When it came to the third question, Madeline reiterated my earlier hope to break down similar information to the first graph as a packed bubbles visual, which would employ a different and effective form of communication around the same data. Tessa was interested in work outside of the scope of this project which is definitely compelling; she proposed including studies done about the real life identities of children and teenagers today. If we know more about the actual makeup of the gender identities, sexual orientations, and racial identities of the intended audience for these works, it can add another layer to the apparent issue of diversity in publishing versus how students look and identify today. For final feedback, they both emphasized the importance of how these visuals can serve as complementary elements to the narrative the CCBC and its users tell around this data. Generally, they provide succinct and accessible visualizations that effectively portray numerous issues of contention in children’s and YA literature and provide key jumping off points for larger conversations. 

Findings and Reflection 

Going into this project, I had the same assumptions that Madeline and Tessa discussed when it came to stakeholders and other audiences who interact with the CCBC’s diversity data – as LGBTQ+ representation has grown within children’s and YA literature over the last few years, the racial breakdown of this work is more stagnant and still more glaring than some users may assume. My visualizations reflect this finding starkly, which gives them, as an organization, the means to both fundamentally justify this ongoing project and advocate for change across channels available to them and the users of their data. The sections of data that I have chosen to work with are simplified compared to the project as a whole, but the visualizations necessary for this information also require a level of simplification and easy access, so the average user does not have to sift through thousands of books over numerous years to understand these trends and issues in diverse children’s and YA representations. As Tessa said to me when we first spoke about the project, simple visuals are effective in a subject like this that has the emotional element of portraying marginalized experiences via distanced numbers and statistics – that huge gap between White LGBTQ+ characters and just about anyone else speaks volumes. 
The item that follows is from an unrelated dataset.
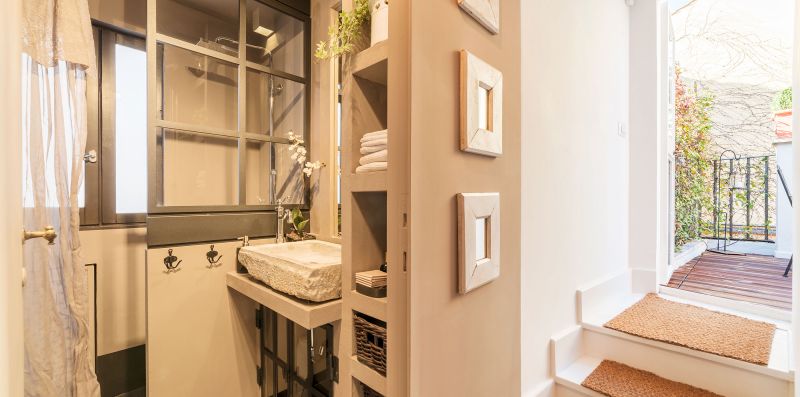 Charming Luxury Navona Apartment in Historic Building - iFlat
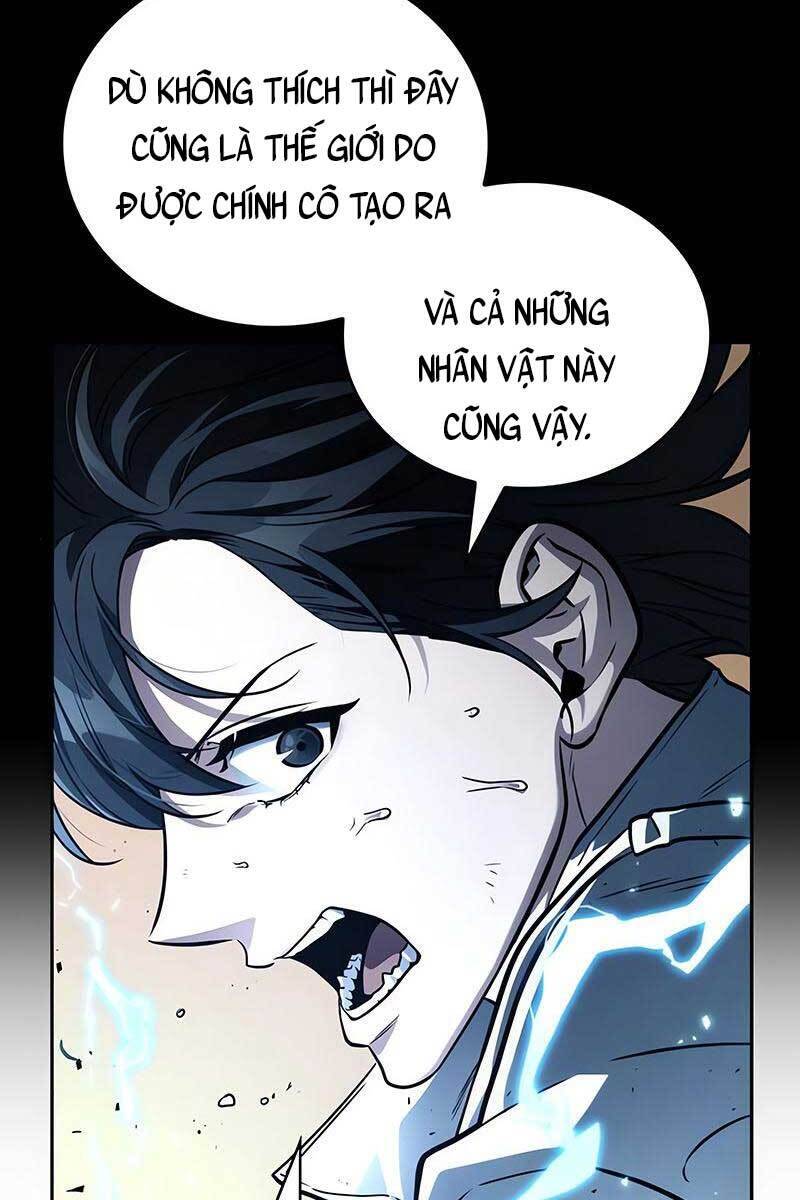 Toàn Trí Độc Giả chapter 136 - Upload bởi truyensieuhay.com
Going forward, I see massive potential in finding different ways to portray both the macro and micro elements of this data. As Madeline pointed out, trying different formats for the first visual comparing all the racial categories within LGBTQ+ protagonists would likely be quite helpful, especially if a user experience process was included to see which visualizations are preferred by different users. In the process of writing a report on this data, other opportunities for more specific visualizations would likely become clear. Because there is so much available, the needs and interests of the user or audience would best guide these more specific visual works. When it came to my own work, I wish that there was more room and time to get more into a comparative track between the different categories, especially since my one product comparing the track of Gay and Trans/Nonbinary works had some of the least clear takeaways across racial groups. Regardless, the visualizations that have emerged from this project depict a scene of children’s and YA literature that still needs a significant push from all sides to do better by BIPOC LGBTQ+ representation, and it motivates me as a library professional to advocate for the same across other disciplines in the tradition that the CCBC has been championing since the project’s inception.


2022. Data on books by and about Black, Indigenous and People of Color compiled by the Cooperative Children’s Book Center (CCBC), School of Education, University of Wisconsin-Madison, based on its work analyzing the content of books published for children and teens received by the CCBC annually. [Data set.] CCBC. Accessed: 7 December 2022.